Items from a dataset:
▬▬▬▬▬▬▬▬▬▬
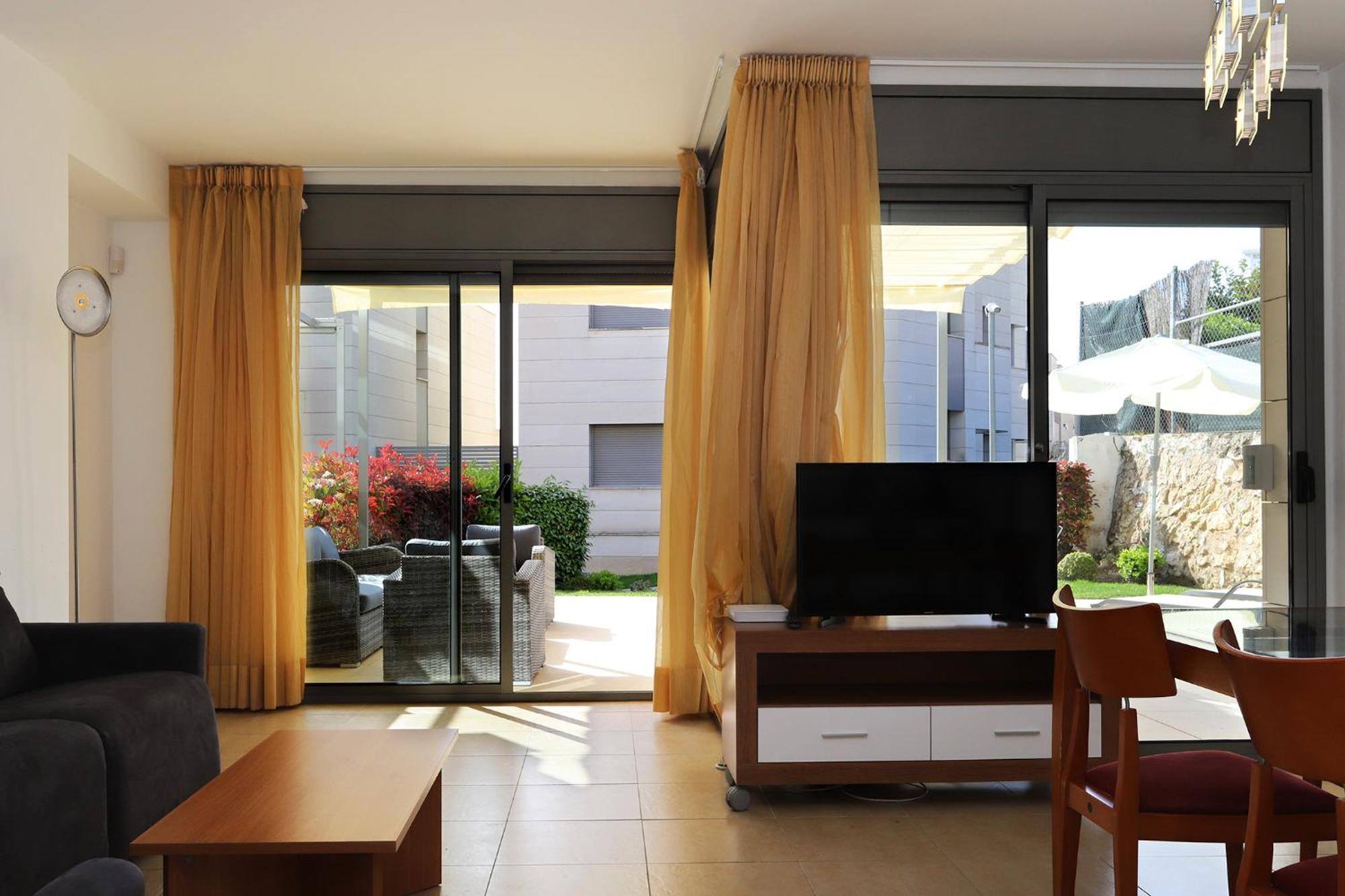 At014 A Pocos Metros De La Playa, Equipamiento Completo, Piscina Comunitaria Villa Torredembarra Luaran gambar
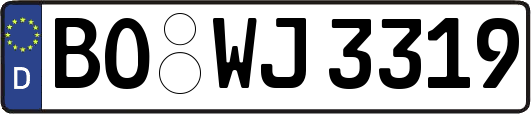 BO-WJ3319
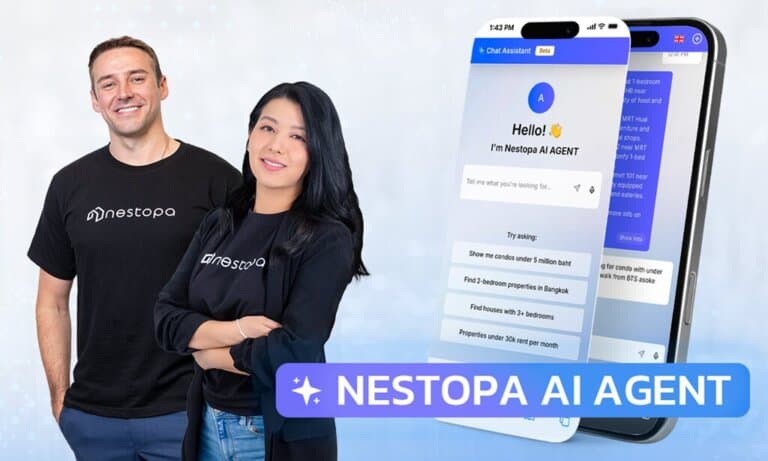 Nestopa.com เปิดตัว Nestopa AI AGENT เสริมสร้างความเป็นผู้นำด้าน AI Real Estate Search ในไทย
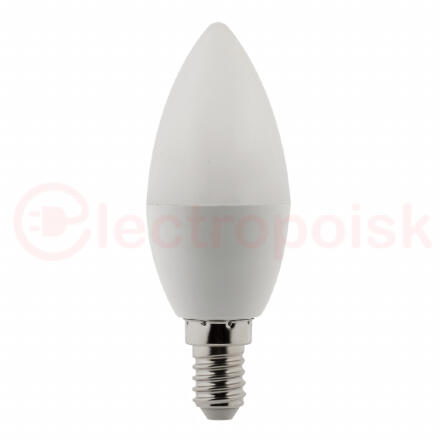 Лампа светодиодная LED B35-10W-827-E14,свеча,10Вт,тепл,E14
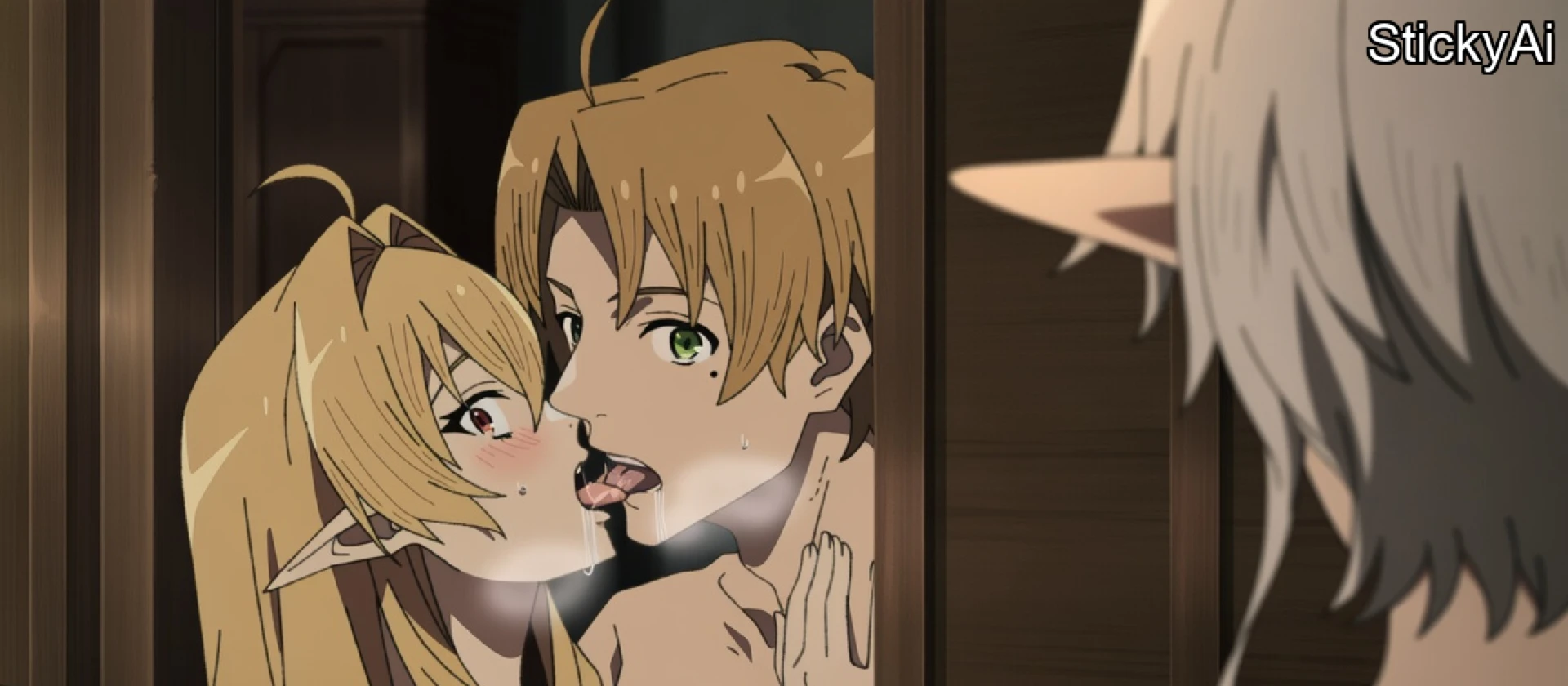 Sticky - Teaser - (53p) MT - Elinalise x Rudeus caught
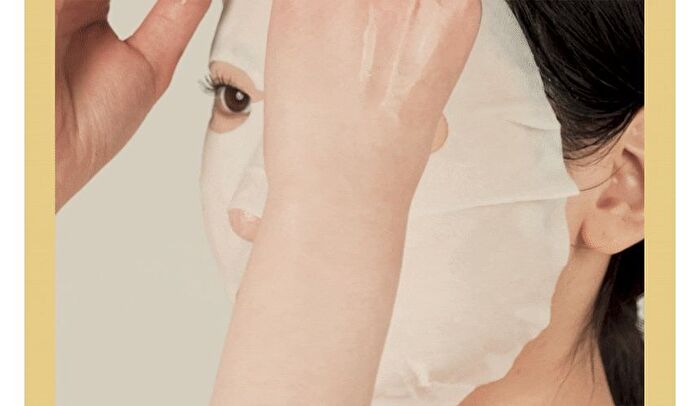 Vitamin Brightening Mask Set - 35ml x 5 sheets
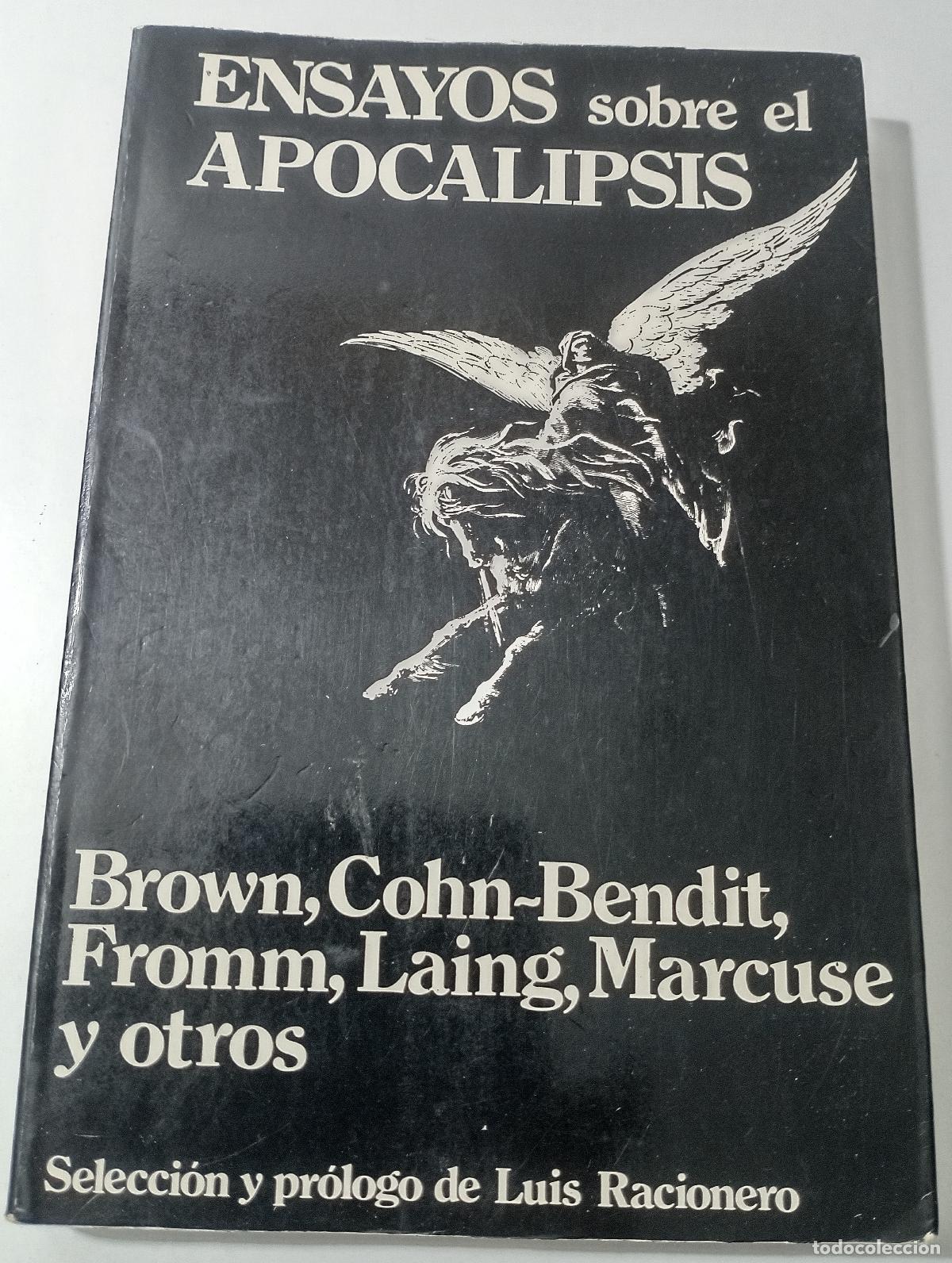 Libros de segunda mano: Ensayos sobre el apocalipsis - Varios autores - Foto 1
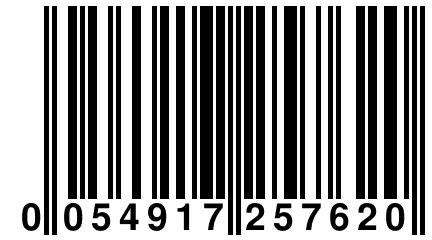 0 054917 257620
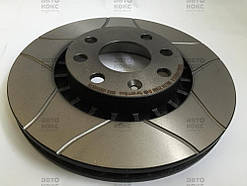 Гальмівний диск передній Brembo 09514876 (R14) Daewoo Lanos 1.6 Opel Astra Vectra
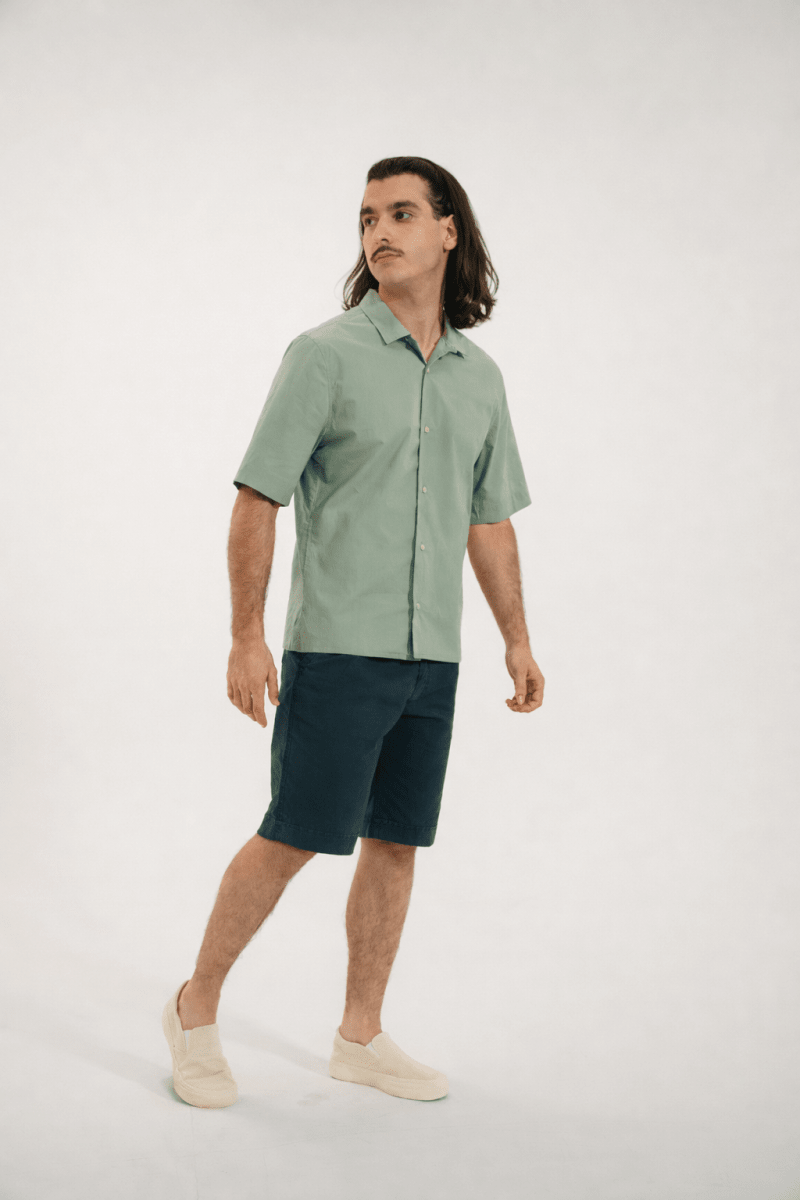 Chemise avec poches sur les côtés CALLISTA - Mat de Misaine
▬▬▬▬▬▬▬▬▬▬
**Exercise directions**: All of the data needs repeating exactly, but the pictures do not.

**Completed exercise**:
 At014 A Pocos Metros De La Playa, Equipamiento Completo, Piscina Comunitaria Villa Torredembarra Luaran gambar
 BO-WJ3319
 Nestopa.com เปิดตัว Nestopa AI AGENT เสริมสร้างความเป็นผู้นำด้าน AI Real Estate Search ในไทย
 Лампа светодиодная LED B35-10W-827-E14,свеча,10Вт,тепл,E14
 Sticky - Teaser - (53p) MT - Elinalise x Rudeus caught
 Vitamin Brightening Mask Set - 35ml x 5 sheets
 Libros de segunda mano: Ensayos sobre el apocalipsis - Varios autores - Foto 1
 0 054917 257620
 Гальмівний диск передній Brembo 09514876 (R14) Daewoo Lanos 1.6 Opel Astra Vectra
 Chemise avec poches sur les côtés CALLISTA - Mat de Misaine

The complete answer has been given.